Surtout pas pour prendre place, se faire une petite place là où ça ne gênerait pas trop, mais pour accuser ce monde de places – de places faites, de places refusées, de places prises ou à prendre.

Faire des cabanes sans pour autant se contenter de peu, s’accommoder de précarités de tous ordres, et encore moins les enchanter – sans jouer aux nomades ou aux démunis quand justement on ne l’est pas. Mais pour braver ces précarités, leur opposer des conduites et des convictions. Des cabanes qui ne sauraient soigner ou réparer la violence faite aux vies, mais qui la signalent, l’accusent et y répliquent en réclamant très matériellement un autre monde, qu’elles appellent à elles et que déjà elles prouvent. 

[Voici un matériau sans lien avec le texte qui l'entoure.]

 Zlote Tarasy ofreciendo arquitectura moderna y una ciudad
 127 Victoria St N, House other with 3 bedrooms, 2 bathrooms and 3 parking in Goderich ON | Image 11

Faire des cabanes sans forcément tenir à sa cabane – tenir à sa fragilité ou la rêver en dur, installée, éternisable –, mais pour élargir les formes de vie à considérer, retenter avec elles des liens, des côtoiements, des médiations, des nouages. Faire des cabanes pour relancer l’imagination, élargir la zone à défendre, car « de la ZAD », c’est-à-dire de la vie à tenir en vie, il y en a un peu partout sur notre territoire. Faire des cabanes, donc, pour habiter cet élargissement même.

Faire des cabanes alors : jardiner des possibles. Prendre soin de ce qui se murmure, de ce qui se tente, de ce qui pourrait venir et qui vient déjà : l’écouter venir, le laisser pousser, le soutenir. Imaginer ce qui est, imaginer à même ce qui est. Partir de ce qui est là, en faire cas, l’élargir et le laisser rêver. Cela se passe à même l’existant, c’est-à-dire dès à présent dans la perception, l’attention et la considération : une certaine façon de guetter ce qui veut apparaître, là où des vies et des formes de vie s’essaient, tentent des sorties hors de la situation qui leur est faite ; et une certaine façon d’augmenter ces poussées, de soutenir les liens en voie de constitution, de prendre soin des idées de vie qui se phrasent, parfois de façon très ténue, comme autant de petites utopies quotidiennes : oui, on pourrait vivre aussi comme ça.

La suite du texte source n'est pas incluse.